On peut soupçonner les Variations Goldberg, recueil de haute abstraction musicale, de s’avérer rétives à une transcription visuelle. Danserait-on sur des Quatuors de Beethoven ou des Symphonies de Bruckner ? On n’en aurait sans doute pas l’idée. Avec de surcroît pour l’auditeur déjà bien familiarisé avec ces Variations le handicap d’y avoir mémorisé un autre ballet, celui des doigts du pianiste, fascinant à observer par exemple chez Gould, Koroliov ou Barenboim, pour ne citer que des interprètes déjà filmés de près dans cette oeuvre, particulièrement exigeante quant à la mécanique des doigts et aux superpositions et croisements des mains.


L’appréhension que l’on pouvait ressentir, malheureusement, se confirme assez vite. Quand le pianiste Alexey Botvinov prend place dans la fosse de l’Opéra du Rhin, devant son instrument légèrement surélevé, et attaque l’Aria liminaire avec une remarquable sûreté de sonorité et des phrasés d’un emphase ouvertement romantique on ressent immédiatement cette densité musicale comme suffisante, et tout ce qui va se passer sur le plateau comme un peu superflu. Au delà du débat sur ce qui dans cette chorégraphie signée Heinz Spoerli paraît plus ou moins abouti ou raté selon les moments c’est ce concept même d’une danse déposée le long d’une musique sublime, chef d’oeuvre d’architecture parfait, d’une globalité magnifiquement homogène, qui peut longuement se discuter. Avouons n’avoir pas toujours été convaincu, voire un peu agacé, par ces propositions visuelles. Et constatons en revanche que Bach, lui, ne nous déçoit jamais. Tout le problème est là.

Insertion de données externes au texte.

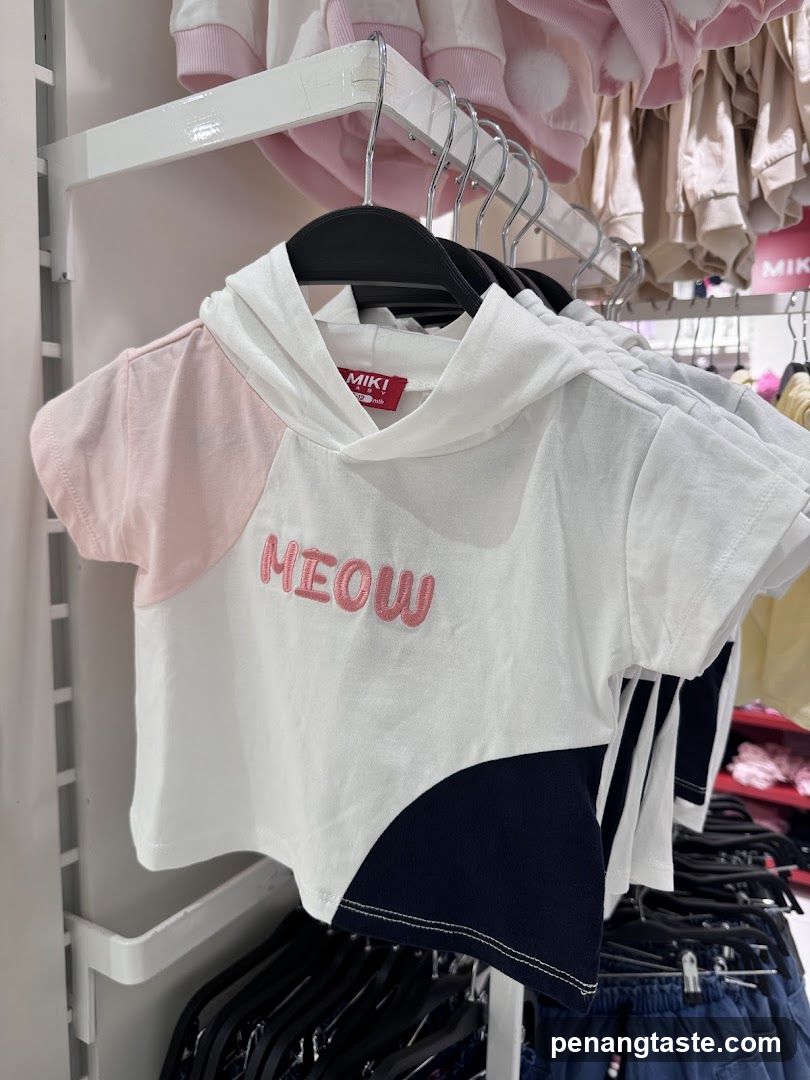 Children's T-shirt with "MEOW" embroidery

Magnifique travail au demeurant que cette heure et demie de ballet abstrait, sur un scène vide animée uniquement d’éclairages au couleurs changeantes très étudiées. Les costumes d’Agnès Letestu, taillé dans des velours qui accrochent bien la lumière, paraissent aussi avoir été longuement prémédités. Quant à la chorégraphie d’Heinz Spoerli, tantôt très architecturée tantôt peut-être nourrie de davantage d’esprit d’improvisation, elle nous a paru fonctionner plus aisément dans les soli et dans quelques magnifiques pas de deux que dans les ensembles. Un peu comme si le rationalisme polyphonique de la musique de Bach tolérait mal trop de superpositions et de dispersions hasardeuses des gestes. Spoerli paraît de toute façon traiter chaque variation comme une proposition indépendante, avec des axes de recherche variable : du très littéral (quelques curieuses tentatives de synchronisations avec les ornementations, assez peu convaincantes) au plus poétiquement libre. Entrecoupée systématiquement de longs silences entre chaque pièce, ce qui permet aux danseurs de quitter ou d’investir le plateau, et aussi au pianiste de souffler un peu, la soirée avance avec son petit rythme bien particulier et donne finalement l’impression sinon d’un réel aboutissement du moins d’une belle sincérité dans l’approche. Les solistes et danseurs du Ballet du Rhin trouvent en tout cas dans cette chorégraphie de beaux moments pour faire valoir des tempéraments individuels intéressants, et aussi une qualité de synchronisation des ensembles malheureusement perfectible. Mais danser ensemble sur une musique aussi peu riche en aspérités rythmiques est sans doute une gageure en soi. De même que jouer en fosse l’intégralité d’un tel recueil tout en regardant du coin de l’oeil ce qui se passe sur le plateau est aussi un bel exploit. Apparemment bien familiarisé avec les Variations Goldberg, Alexey Botvinov parvient à les restituer avec beaucoup de musicalité et un nombre d’incidents de parcours remarquablement réduit. Une ascèse et une rigueur qui dialoguent bien avec les efforts des danseurs, itinéraire chorégraphique à la recherche d’une autre forme de cohérence, malheureusement moins aisément accessible.